## WHAT TO DO
Set down the records again. Every word and mark must match exactly.

# # # # #

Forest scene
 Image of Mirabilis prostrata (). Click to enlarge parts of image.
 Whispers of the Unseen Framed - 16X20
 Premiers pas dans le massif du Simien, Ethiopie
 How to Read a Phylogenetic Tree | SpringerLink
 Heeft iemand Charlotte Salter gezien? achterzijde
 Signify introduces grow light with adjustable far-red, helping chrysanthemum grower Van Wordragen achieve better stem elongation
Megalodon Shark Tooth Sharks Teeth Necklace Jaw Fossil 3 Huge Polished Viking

# # # # #

## FINISHED EXERCISE
Forest scene
 Image of Mirabilis prostrata (). Click to enlarge parts of image.
 Whispers of the Unseen Framed - 16X20
 Premiers pas dans le massif du Simien, Ethiopie
 How to Read a Phylogenetic Tree | SpringerLink
 Heeft iemand Charlotte Salter gezien? achterzijde
 Signify introduces grow light with adjustable far-red, helping chrysanthemum grower Van Wordragen achieve better stem elongation
Megalodon Shark Tooth Sharks Teeth Necklace Jaw Fossil 3 Huge Polished Viking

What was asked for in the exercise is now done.